Title:  Senior Manager, SAS Macro Developer

Location: Remote/Hybrid

The Lead SAS Macro Developer at the Senior Manager level will drive the design, development, and maintenance of enterprise-level SAS macros, with a primary focus on TLF (Tables, Listings, and Figures) programming workflows, alongside support for SDTM (Study Data Tabulation Model) and ADaM (Analysis Data Model). This role requires a strong technical background in SAS programming and a deep understanding of the Software Development Life Cycle (SDLC) in a regulated (GxP) environment. The incumbent will play a critical role with a dedicated focus on advanced SAS macro development, automating and standardizing Statistical programming tasks to improve efficiency, quality, and compliance in regulatory submissions across the global portfolio.

In this role, a typical day might include the following:

• Lead the design, development, and implementation of complex, reusable, and dynamic SAS macros to streamline programming workflows, with a primary emphasis on TLFs. Contribute to the long-term automation strategy.

• Ensure all macro development, testing, and validation activities strictly adhere to formal SDLC processes and 21 CFR Part 11 / GxP compliance standards.
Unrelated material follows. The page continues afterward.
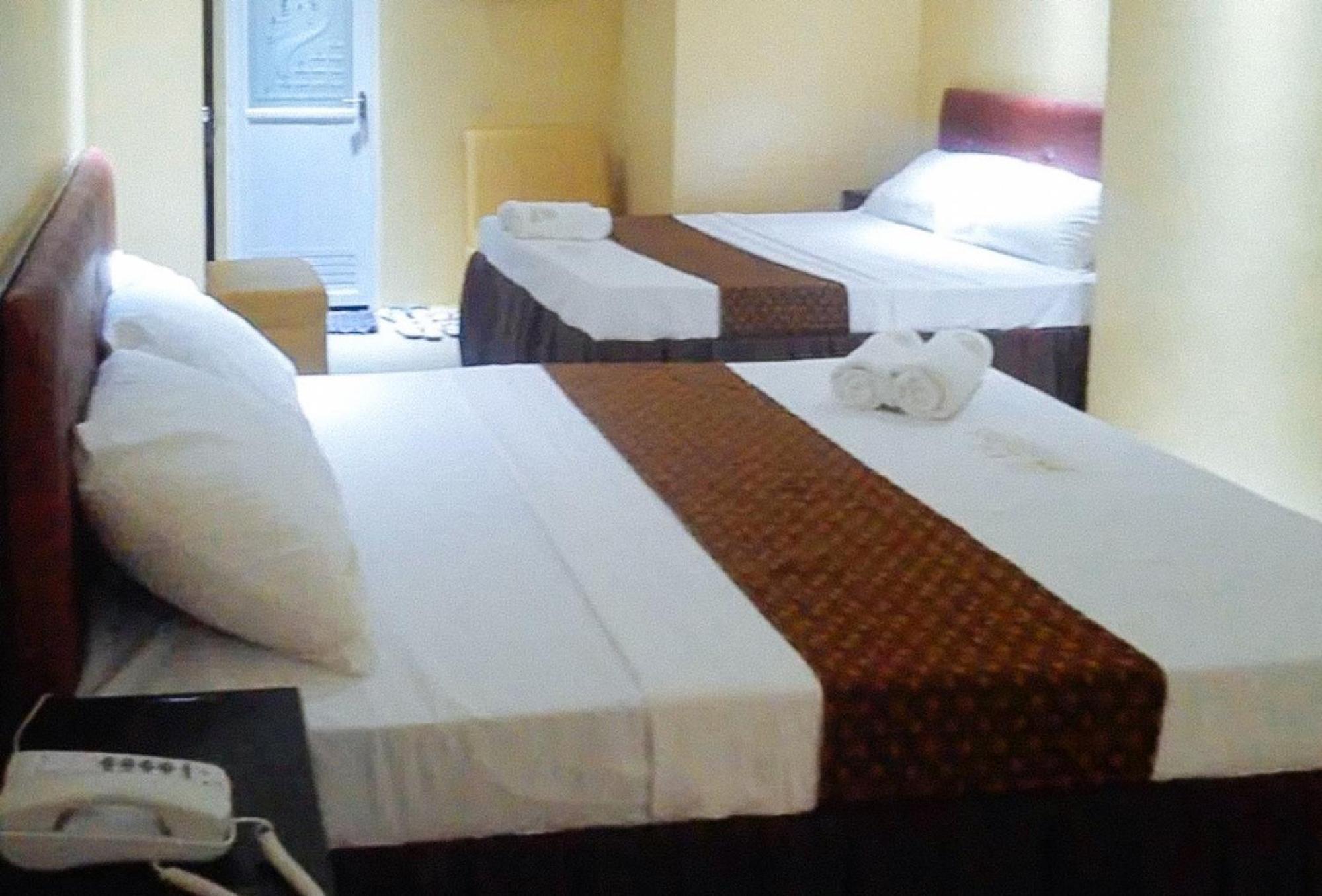 Reddoorz Plus @ Taj Hotel Tuguegarao Εξωτερικό φωτογραφία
Establish and enforce best practices.

• Spearhead the development of automated tools for data transformation, variable derivation, metadata generation, and quality control checks.

• Direct the testing and validation of macros, ensuring robust functionality and resolving complex bugs. Author and review comprehensive validation documentation.

• Partner with statistical programmers, biostatisticians, and other subject matter experts to understand business requirements and translate them into scalable technical solutions.

• Mentor junior developers and programmers. Document macro code, usage instructions, and best practices. Lead training initiatives for the broader biometrics team on leveraging the developed macros.

• Drive the optimization of macro performance to ensure scalability and maintainability across large, complex clinical trial datasets.

• Provide expert-level support to study teams specifically for the integration, adoption, and troubleshooting of enterprise macros particularly during TLF generation.

This Role May Be For You If Have

• Experience with Pinnacle 21 for CDISC validation. Familiarity with R, Shiny, or Python is highly preferred.

• Extensive experience and deep understanding of working in an SDLC-compliant manner within a regulated environment, including strong software validation and documentation practices.

• Deep understanding of the clinical drug development process and comprehensive knowledge of CDISC standards (SDTM, ADaM, Define-XML) and regulatory submission requirements (e.g., FDA, EMA).

• Exceptional analytical skills with the ability to design modular, reusable, and maintainable technical architectures and drive innovation.

• Excellent verbal and written communication skills in English, with the ability to effectively collaborate with cross-geographical global teams and influence technical strategy.

Experience: 12+ years of progressive experience in SAS programming within the pharmaceutical, biotechnology, or CRO industry. Must have at least 5 years of pure, dedicated SAS macro development experience. Expert-level proficiency in SAS/BASE and SAS/MACROS, with a strong ability to write complex, dynamic macros using advanced macro language features.

Your Success Matters to Us

Disclaimer: The preceding job description has been designed to indicate the general nature and level of work performed by employee within this classification.  It is not designed to contain or be interpreted as a comprehensive inventory of all duties, responsibilities, and qualifications required of employees as assigned to this job.  Nothing herein shall preclude the employer from changing these duties from time to time and assigning comparable duties or other duties commensurate with the experience and background of incumbent(s).